If you don't feel comfortable with dplyr you can use base R's merge to combine the dataframes, and then create a new dataframe with the differences as columns:
df_wide <- merge(merge(df15, df16, by = "Country"), df17, by = "Country")

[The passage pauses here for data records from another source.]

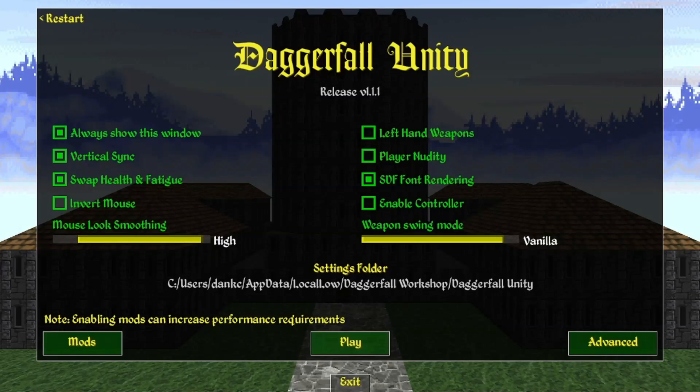Hey everyone, this is Span, and in this video I'll be going over some really cool things Daggerfall Unity can do that people new to it might not realize. If you like Daggerfall content like this, consider subscribing to my channel or to my Patreon in the video description below. I try to upload a few Daggerfall videos every week, and with that out of the way, let's get into it.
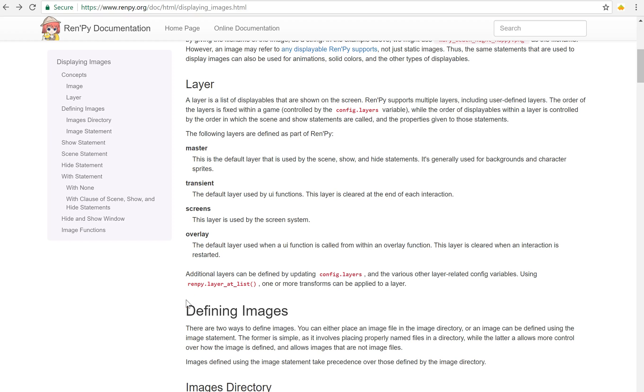Hello everyone, Emp here bringing you another RenPy tutorial. Today I want to talk about layers.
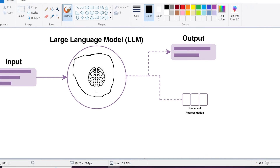Large language models cannot provide you with current information — they can only provide information up to the day they were trained and deployed. This is the problem that the new friend called Retrieval Augmented Generation is solving for LLMs, making them much more powerful and giving them access to current information.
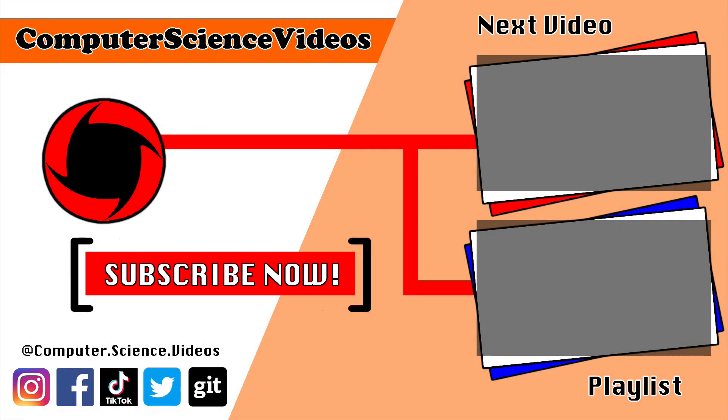Thank you for making it towards the end of the video. Be sure to subscribe to my channel Computer Science Videos. Be sure to check out the previous video on screen now, or you can click on the playlist and watch all the journey for Computer Science Videos from the start until now.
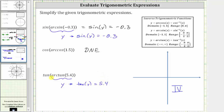If we replace arc tangent of 5.4 with the angle y, we can write the expression as tangent y, and we know tangent y is equal to 5.4 because we were given arc tangent of 5.4. So the expression simplifies to 5.4. I hope you found this helpful.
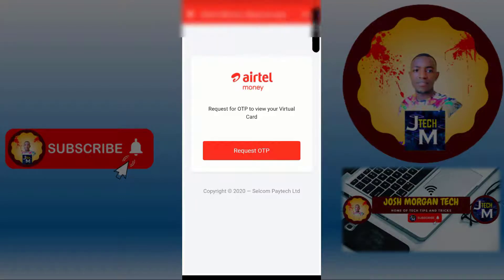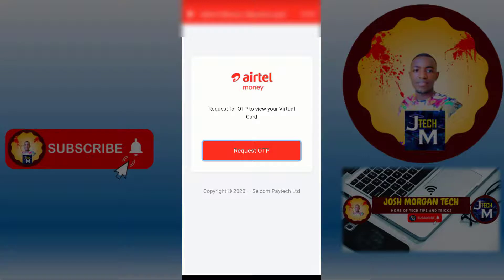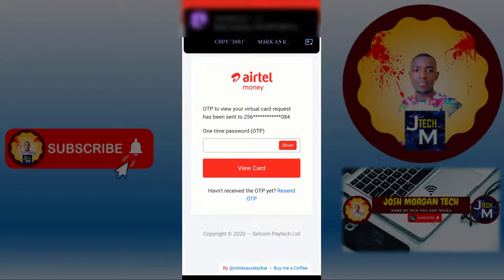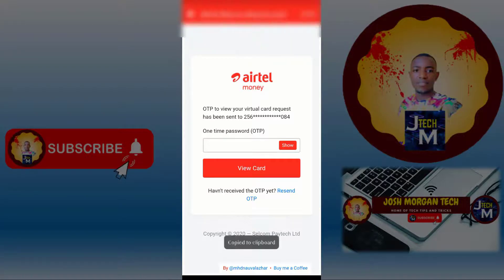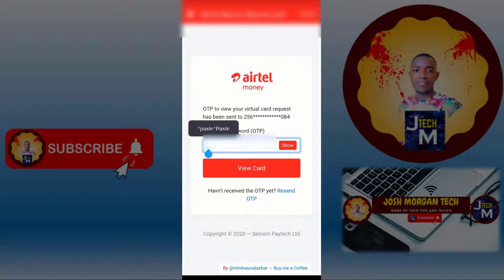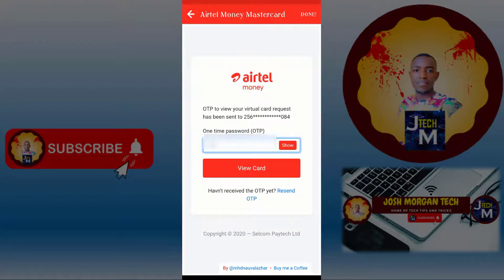Then it will tell you to request an OTP to view your card. Tap 'Request OTP to view your card'. They will send you a verification code via message. Copy that code and paste it here, or go to your messages, find the code, and enter it.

rank_diff_df <- data.frame(Country = df_wide$Country,
Y2015.2016 = df_wide$Happiness.Rank.y -
df_wide$Happiness.Rank.x,
Y2016.2017 = df_wide$Happiness.Rank -
df_wide$Happiness.Rank.y
)
Which returns:
head(rank_diff_df, 10)
Country Y2015.2016 Y2016.2017
1 Afghanistan 1 -13
2 Albania 14 0
3 Algeria -30 15
4 Angola 4 -1
5 Argentina -4 -2
6 Armenia -6 0
7 Australia -1 1
8 Austria -1 1
9 Azerbaijan 1 4
10 Bahrain -7 -1
Assuming the three datasets are present in your environment with the name data2015, data2016 and data2017, we can add a year column with the respective year and keep the columns which are present in keepcols vector. arrange the data by Country and Year, group_by Country, keep only those countries which are present in all 3 years and then subtract the values from previous rows using lag or diff.
library(dplyr)
data2015$Year <- 2015
data2016$Year <- 2016
data2017$Year <- 2017
df <- bind_rows(data2015, data2016, data2017)
data <- df[keepcols]
data %>%
arrange(Country, Year) %>%
group_by(Country) %>%
filter(n() == 3) %>%
mutate_at(-1, ~. - lag(.)) #OR
#mutate_at(-1, ~c(NA, diff(.)))
# A tibble: 438 x 10
# Groups: Country [146]
# Country Happiness.Rank Economy..GDP.pe… Family Health..Life.Ex… Freedom
# <chr> <int> <dbl> <dbl> <dbl> <dbl>
# 1 Afghan… NA NA NA NA NA
# 2 Afghan… 1 0.0624 -0.192 -0.130 -0.0698
# 3 Afghan… -13 0.0192 0.471 0.00731 -0.0581
# 4 Albania NA NA NA NA NA
# 5 Albania 14 0.0766 -0.303 -0.0832 -0.0387
# 6 Albania 0 0.0409 0.302 0.00109 0.0628
# 7 Algeria NA NA NA NA NA
# 8 Algeria -30 0.113 -0.245 0.00038 -0.0757
# 9 Algeria 15 0.0392 0.313 -0.000455 0.0233
#10 Angola NA NA NA NA NA
# … with 428 more rows, and 4 more variables: Trust..Government.Corruption. <dbl>,
# Generosity <dbl>, Dystopia.Residual <dbl>, Year <dbl>
The value of first row for each Year would always be NA, rest of the values would be subtracted by it's previous values.